Re: upcoming kerneloops.org item: get_page_from_freelist

From: Andrew Morton
Date: Wed Jun 24 2009 - 14:31:06 EST


On Wed, 24 Jun 2009 20:53:41 +0300
Pekka Enberg <penberg@xxxxxxxxxxxxxx> wrote:

> Hi Andrew,
>
> Andrew Morton wrote:
> > On Wed, 24 Jun 2009 19:55:24 +0300 Pekka Enberg <penberg@xxxxxxxxxxxxxx> wrote:
> >
> >> On Wed, Jun 24, 2009 at 7:46 PM, Andrew Morton<akpm@xxxxxxxxxxxxxxxxxxxx> wrote:
> >>> Well yes. __Using GFP_NOFAIL on a higher-order allocation is bad. __This
> >>> patch is there to find, name, shame, blame and hopefully fix callers.
> >>>
> >>> A fix for cxgb3 is in the works. __slub's design is a big problem.
> >>>
> >>> But we'll probably have to revert it for 2.6.31 :(
> >> How is SLUB's design a problem here?

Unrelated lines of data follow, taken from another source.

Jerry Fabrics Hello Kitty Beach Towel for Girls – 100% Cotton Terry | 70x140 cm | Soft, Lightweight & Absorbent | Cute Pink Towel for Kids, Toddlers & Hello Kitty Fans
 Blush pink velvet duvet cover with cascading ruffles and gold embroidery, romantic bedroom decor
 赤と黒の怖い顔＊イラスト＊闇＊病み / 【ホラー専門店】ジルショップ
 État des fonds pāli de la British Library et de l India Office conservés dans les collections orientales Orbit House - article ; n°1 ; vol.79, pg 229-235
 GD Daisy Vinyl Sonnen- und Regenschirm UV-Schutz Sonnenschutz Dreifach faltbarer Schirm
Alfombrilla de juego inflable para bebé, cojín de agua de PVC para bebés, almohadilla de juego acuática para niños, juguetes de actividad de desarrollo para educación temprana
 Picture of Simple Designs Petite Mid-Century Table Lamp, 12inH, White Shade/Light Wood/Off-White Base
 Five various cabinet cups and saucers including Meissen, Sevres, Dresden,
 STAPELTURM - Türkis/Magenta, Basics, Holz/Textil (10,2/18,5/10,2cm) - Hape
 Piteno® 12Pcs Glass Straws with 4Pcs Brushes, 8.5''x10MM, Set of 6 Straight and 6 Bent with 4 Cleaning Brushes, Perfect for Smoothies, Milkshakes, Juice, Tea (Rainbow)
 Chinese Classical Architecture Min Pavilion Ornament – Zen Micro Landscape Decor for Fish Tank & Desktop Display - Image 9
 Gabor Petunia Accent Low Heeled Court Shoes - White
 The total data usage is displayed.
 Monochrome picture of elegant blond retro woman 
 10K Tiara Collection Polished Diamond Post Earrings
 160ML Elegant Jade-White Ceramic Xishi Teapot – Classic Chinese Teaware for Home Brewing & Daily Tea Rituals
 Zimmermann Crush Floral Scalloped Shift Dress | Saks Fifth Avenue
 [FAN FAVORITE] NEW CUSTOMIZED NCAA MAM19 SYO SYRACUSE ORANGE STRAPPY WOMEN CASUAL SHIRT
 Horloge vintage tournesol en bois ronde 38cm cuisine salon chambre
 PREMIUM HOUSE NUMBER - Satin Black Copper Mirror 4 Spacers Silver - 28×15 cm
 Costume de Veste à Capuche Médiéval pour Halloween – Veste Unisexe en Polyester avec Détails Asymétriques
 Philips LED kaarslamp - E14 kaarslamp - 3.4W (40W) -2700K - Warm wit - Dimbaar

Can't we just clear GFP_NOFAIL
> >> from the higher order allocation and thus force GFP_NOFAIL allocations
> >> to use the minimum required order?
> >
> > That could then lead to the __GFP_NOFAIL allocation attempt returning
> > NULL. But the callers cannot handle that and probably don't even test
> > for it - this is why they used __GFP_NOFAIL.
>
> No, the fallback allocation would still use __GFP_NOFAIL so the
> semantics are preserved.
>

<looks>

hm, I didn't know that slub could fall back to lower-order allocations
like that. Neat.

Yes, it looks like that change would improve things. We have had
reports before of machines which oomed over an order-1 attempt when
there were order-0 pages available. If that were to happen in
allocate_slab(__GFP_NOFAIL), things would get ugly and the patch would
help.

What's the expected value of s->min in allocate_slab()? In what
situations would it be >0?


btw, gcc has in the past made a mess of handling small copy-by-value
structs like 'struct kmem_cache_order_objects'. Probably it's improved
in recent years, but it'd be worth checking to see if
s/struct kmem_cache_order_objects/unsigned long/ generates better code.